• **About this task**: Go to the line with "Large Lot Of" in the material below and copy from there through the line with "アメリカバク(上野動物園)", exactly. Pictures are not copied.

• **Dataset content**:
# # # # # # #
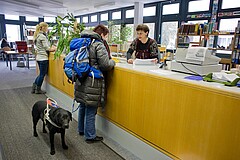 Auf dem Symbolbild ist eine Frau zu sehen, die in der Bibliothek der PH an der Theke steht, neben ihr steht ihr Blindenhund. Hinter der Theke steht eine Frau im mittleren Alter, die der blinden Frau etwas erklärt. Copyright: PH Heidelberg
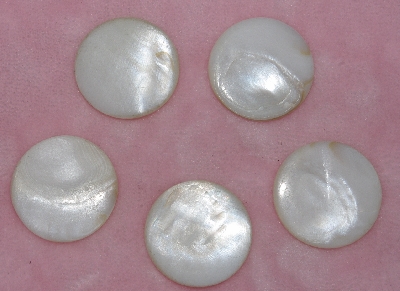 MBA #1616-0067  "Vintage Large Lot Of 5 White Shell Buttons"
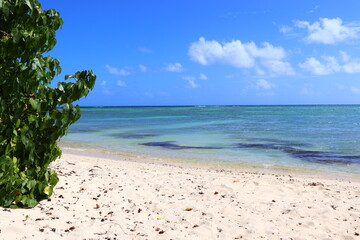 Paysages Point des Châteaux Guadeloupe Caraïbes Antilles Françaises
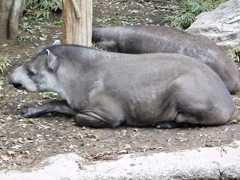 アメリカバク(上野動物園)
# # # # # # #
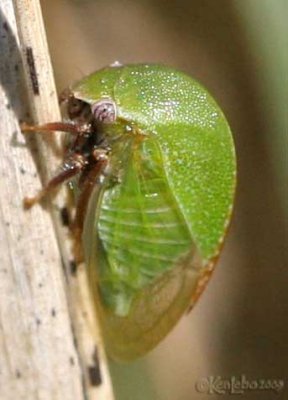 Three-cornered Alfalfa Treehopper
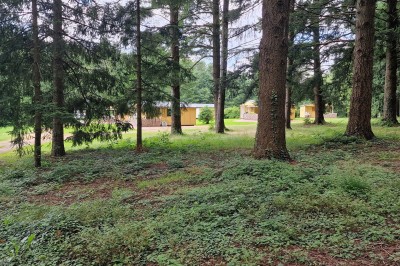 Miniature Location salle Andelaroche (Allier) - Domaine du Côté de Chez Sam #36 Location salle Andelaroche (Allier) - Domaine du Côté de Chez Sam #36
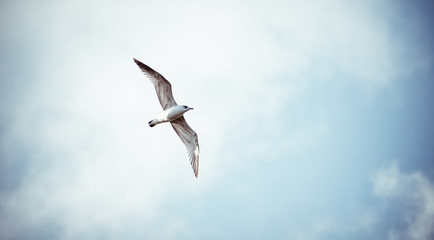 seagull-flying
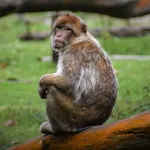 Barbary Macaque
# # # # # # #
• **Completed task**:
 MBA #1616-0067  "Vintage Large Lot Of 5 White Shell Buttons"
 Paysages Point des Châteaux Guadeloupe Caraïbes Antilles Françaises
 アメリカバク(上野動物園)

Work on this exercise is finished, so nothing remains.